Technology from the past litters the streets, and the old world has fragmented. But only one thing matters to the man-monster Duane Duarte: his love for the murderous Frenzetta, a 17-year-old half-rat, half-human. Duane Duarte is a revenant, or reanimated corpse, a seven-foot-tall fighting machine engineered from the body parts of fallen soldiers. Frenzetta is a chimera, doomed to enjoy the horribly ecstatic fate of death by orgasm. Together, this delightful couple cut a swath of sex and violence across four continents of a far-future universe.

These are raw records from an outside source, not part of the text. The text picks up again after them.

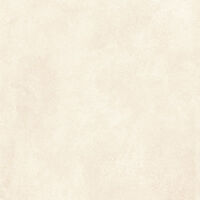 Gạch lát nền 60×60 KIS K60072B_Y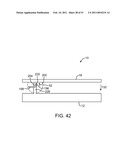 ELECTRONIC DEVICES WITH CLIPS diagram and image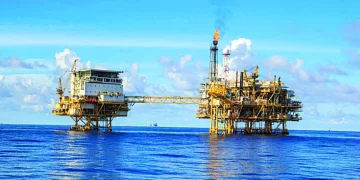 Η Πάτρα μπαίνει δυναμικά στο επίκεντρο της ενεργειακής σκακιέρας: Βάση για τις γεωτρήσεις το λιμάνι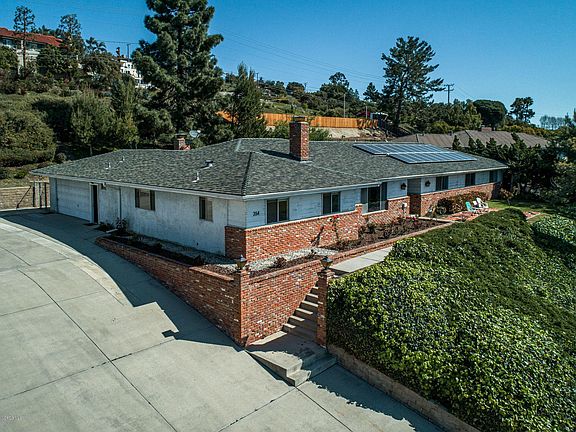 3rd image of 354 N Victoria Ave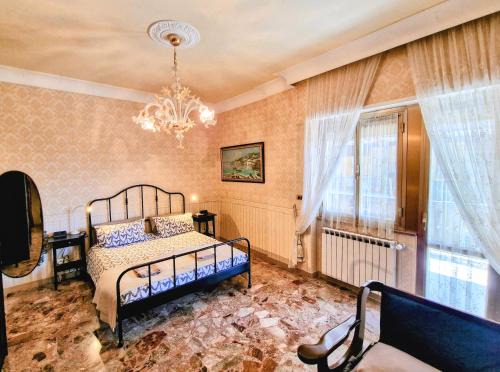 Aurelio Apartment | Grazia Guesthouse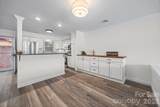 7332 Lakefront Drive - Photo 6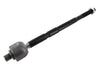 Vaico Rack End V25-9693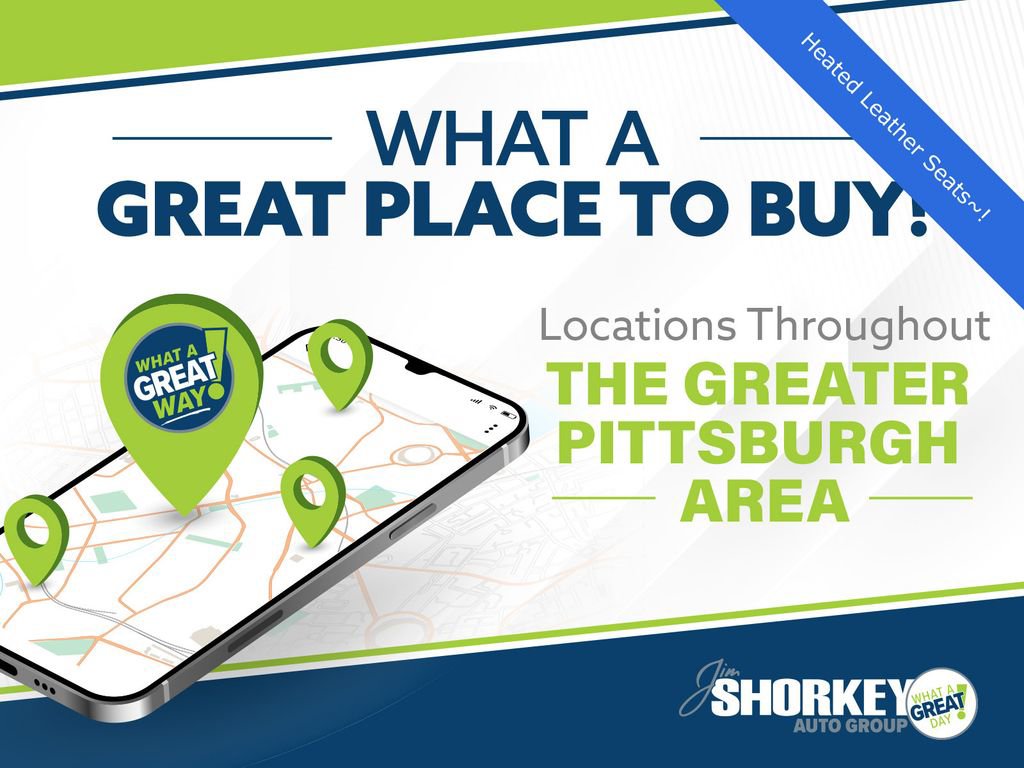 Used 2024 Mitsubishi Outlander Sport SEL image 19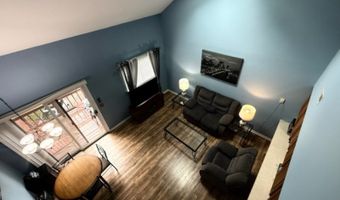 7 Deer Valley Ln 6, Alloway, NJ 07462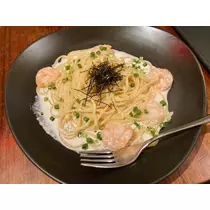 夏樹 あや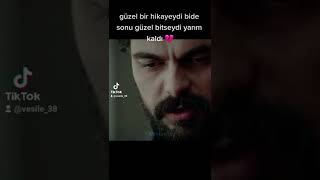 Emanet Dizisi
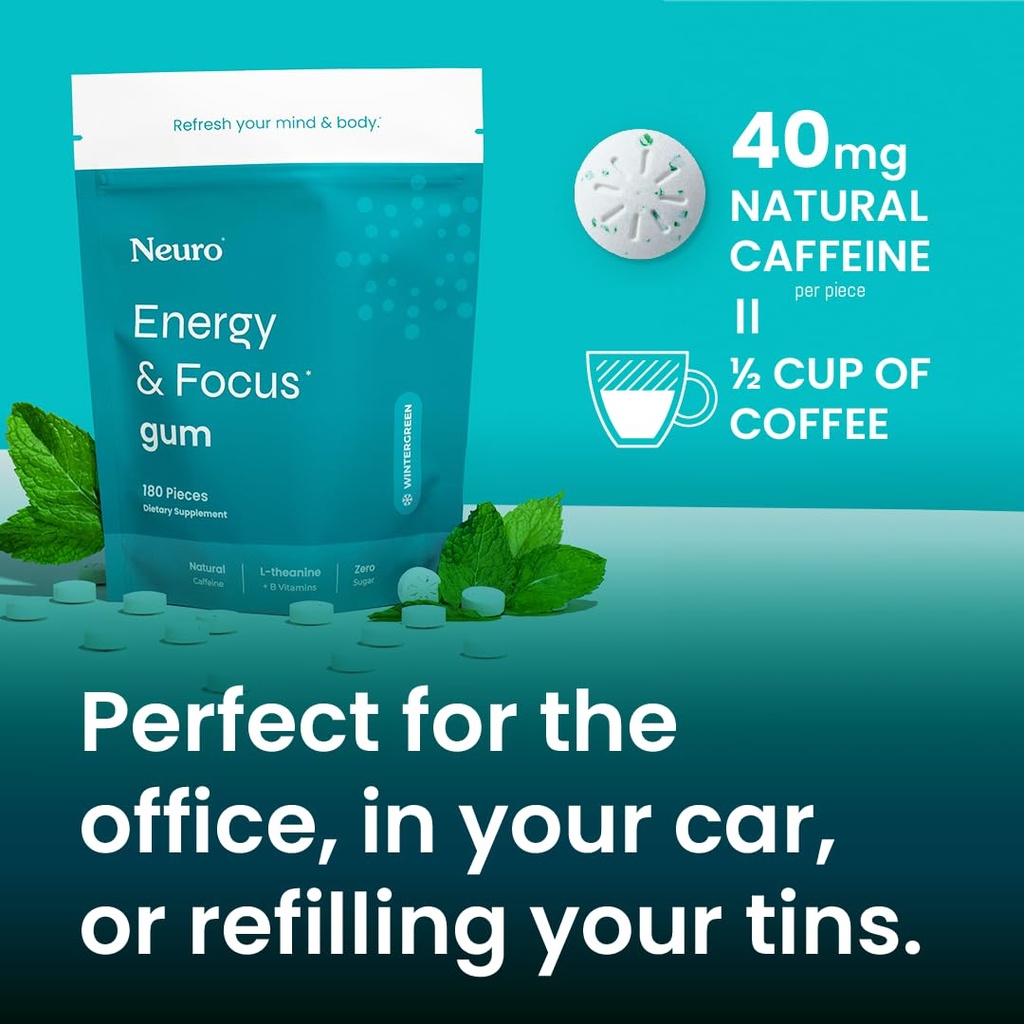 neuro-energy-focus-smart-gum-bundle-cinn-6.jpg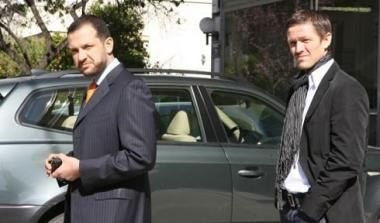 Συνεπείς στο “ραντεβού” με τη… ζυγαριά στην ΑΕΚ. Πρόβλημα με Άλβες, όλα “οκέι” με Γκρέταρσον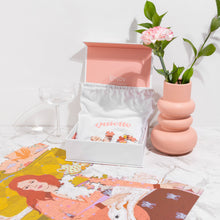 Load image into Gallery viewer, Vacanze Italiane 500 Piece Puzzle
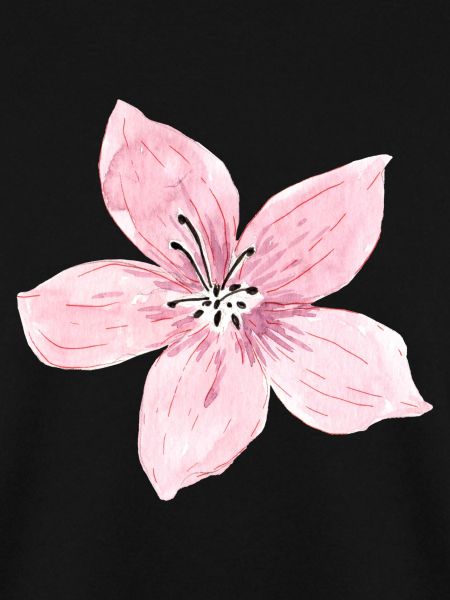 Blüte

A baroque picaresque/romp of surrealistic porn and grand guignol a la Angela Carter’s Passion of New Eve or Infernal Desire Machines of Doctor Hoffman, with a mix of the decadent adventures of Moorcock, and more than a hint of Ballard pushed through a vision where anima, 30’s pulp, and French Symbolism are of equal import. Strangely fun if you give it a chance and wade through the purple prose with lots of cruelty and outrageous gore and an overload of style. Set in version of world where an event called the Abortion forced another reality on our own with lots animal people, a weird mix of technology (airships and muskets, teleporter and one stomping robot), and divided into Afric, Europa, Cathay, and Atlantis who wages war on all with their air navy and robots and in a wonderful inverse are the last remaining humans (the others ruled by the tribes of the perverse). Romping through this world on their way to the Moon and mythical freedom are a goblin princess (half rat and human) who will die when she orgasms, a brain eating revenant, and their dwarf maid. Balloon rides, a birth from a corpse, squid weaponry, necromancers, a queen who has her brain transplanted in a freshly killed young girl every year, a mix of myth and technology add to the perverse thrills of this book. Edgar Allen Poe and Marquis de Sade would have loved this one.
This book is about a brain-eating Frankenstein's monster-style Zombie and a Girls Who is half rat/half human with really big breasts. The First half of the book was weird and silly and completly over the top. I did enjoy it and would have g iven 3 stars. Then it kind of got boring. Lazy old sexism Masquerading as "edgy".
Read this a long time ago and had it on my bookshelf for as long. I finally had to rationlise my collection when we moved house. But this book stil sticks in my mind. There is only really one way to describe it. It is weird. Very weird. Some authors try to be weird, others just are weird without even trying. I have also read some of his other books but they weren't as memorable as this one. Read the top review on this book on GRs, my review cannot do it justice.